Acme-chief/Cloud VPS setup

From Wikitech

This doc is based off https://phabricator.wikimedia.org/T235252#5567838

Introduction

Acme-chief is Wikimedia's tool to integrate Let's Encrypt certificates into our puppetised services. It was originally developed by Alex Monk at the Wikimedia Hackathon in Barcelona in May 2018 based on discussions with the Wikimedia Traffic team, and basically solves these problems:

  • Issue our certificates centrally, distributing private key material and certificates as appropriate.
  • Use DNS to respond to LE challenges, enabling use of wildcards.
    • Integrate with gdnsd (production) and OpenStack Designate (Cloud VPS) to do this.
  • Generate RSA and ECDSA variants of the same certificates.
  • Expose new certificates after a staging time to allow for outdated client clocks.
  • Probably other things more relevant to production than us.

In production there's a single, simple, central setup that gets used for everything from the *.wikipedia.org 'unified' cert exposed to some clients hitting wikipedia.org and co., down to miscellaneous such as developer services on gerrit and SMTP servers. In Cloud VPS with our only-trustworthy-for-public-things central puppetmaster and multiple private Puppet setups, it gets more complicated.

Existing examples of acme-chief in Cloud VPS

This is known to be active within deployment-prep, traffic, and tools (with toolsbeta being set up).

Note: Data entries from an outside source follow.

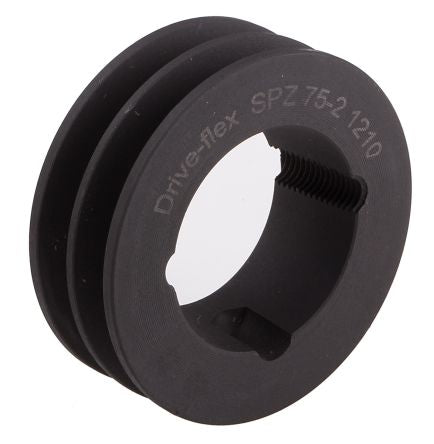 RS PRO 182846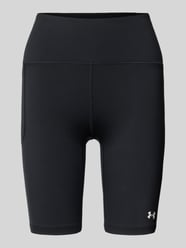 Radlerhose mit Logo von Under Armour - 5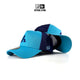 Trucker Cyan
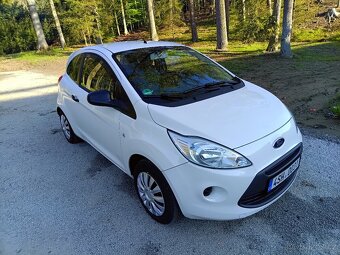 Ford Ka - 3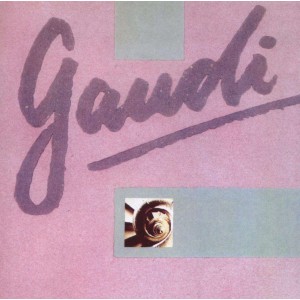 THE ALAN PARSONS PROJECT-GAUDI (EXPANDED) (CD)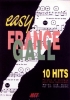 Berger, Michel : Easy France Gall : 10 titres pour tous instruments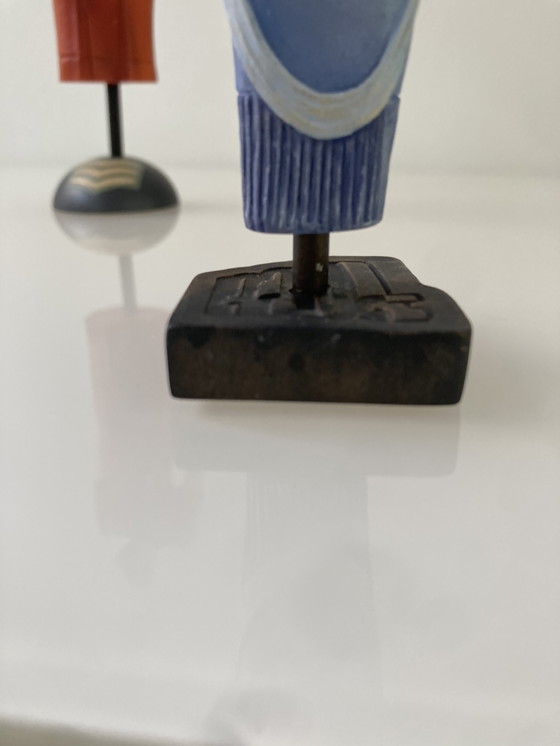 Image 1 of Twee collectables van The Latest Thing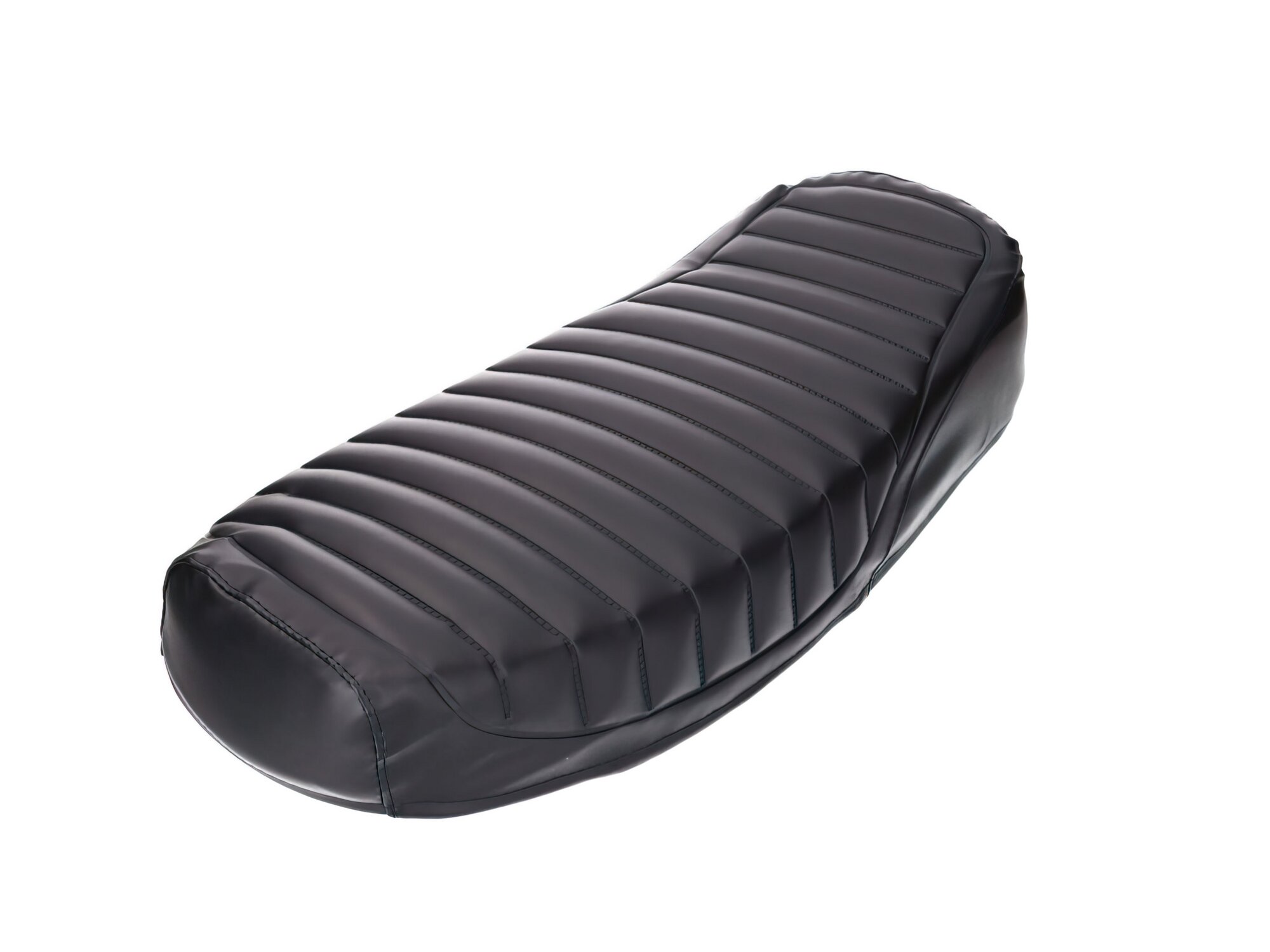Image of Sitzbezug strukturiert schwarz Simson S51E / S70E Enduro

Setting it up for your own Cloud VPS project

You will need

  • a project-local puppetmaster (i.e. your own puppetmaster, not just relying on the central one at puppetmaster.cloudinfra.wmflabs.org)
  • a friendly production root to give your DNS management service user special permissions in Keystone and safelist it for access from within the Cloud VPS address range
  • the domain for which you want to issue certs as a zone in Designate, with delegation set up correctly

Full steps

  • Create an instance named <project>-acme-chief-01 and do the usual dance with puppet to get them signed puppet certs.
  • Create a puppet prefix config in Horizon for <project>-acme-chief with the following hiera as a template (obviously, substitute <project>):
profile::acme_chief::accounts: {}
profile::acme_chief::active: <project>-acme-chief-01.<project>.eqiad1.wikimedia.cloud
profile::acme_chief::passive: ''
profile::acme_chief::certificates: {}
shared_acme_certificates: {}
profile::acme_chief::challenges:
  dns-01:
    issuing_ca: letsencrypt.org
    ns_records:
    - ns0.openstack.eqiad1.wikimediacloud.org.
    - ns1.openstack.eqiad1.wikimediacloud.org.
    resolver_port: 53
    sync_dns_servers:
    - ignored_for_designate.
    zone_update_cmd: /usr/local/bin/acme-chief-designate-sync.py
profile::acme_chief::cloud::designate_sync_auth_url: https://openstack.eqiad1.wikimediacloud.org:25000/v3
profile::acme_chief::cloud::designate_sync_project_names: [<project>]
profile::acme_chief::cloud::designate_sync_region_name: eqiad1-r
profile::acme_chief::cloud::designate_sync_tidyup_enabled: true
profile::acme_chief::cloud::designate_sync_username: <project>-dns-manager
  • Insert <project>-dns-manager password into puppet through a cherry-pick on your puppetmaster by adding profile::acme_chief::cloud::designate_sync_password to hieradata/common.yaml in labs/private.
  • Apply the role::acme_chief::cloud role on the instance individually (in my experience roles in prefix/project config can be problematic) and run puppet.
  • Run the account creation script /usr/local/bin/create_acme_le_account.py
  • Insert the into profile::acme_chief::accounts dict into hiera. It should look something like this:
profile::acme_chief::accounts:
  {hash}:
    directory: https://acme-v02.api.letsencrypt.org/directory
    regr: '{"body": {}, "uri": "https://acme-v02.api.letsencrypt.org/acme/acct/{number}"}'

Getting the hash from the account ID above and the number from the regr.json above. Be careful not to include the .body.key part of the regr.json.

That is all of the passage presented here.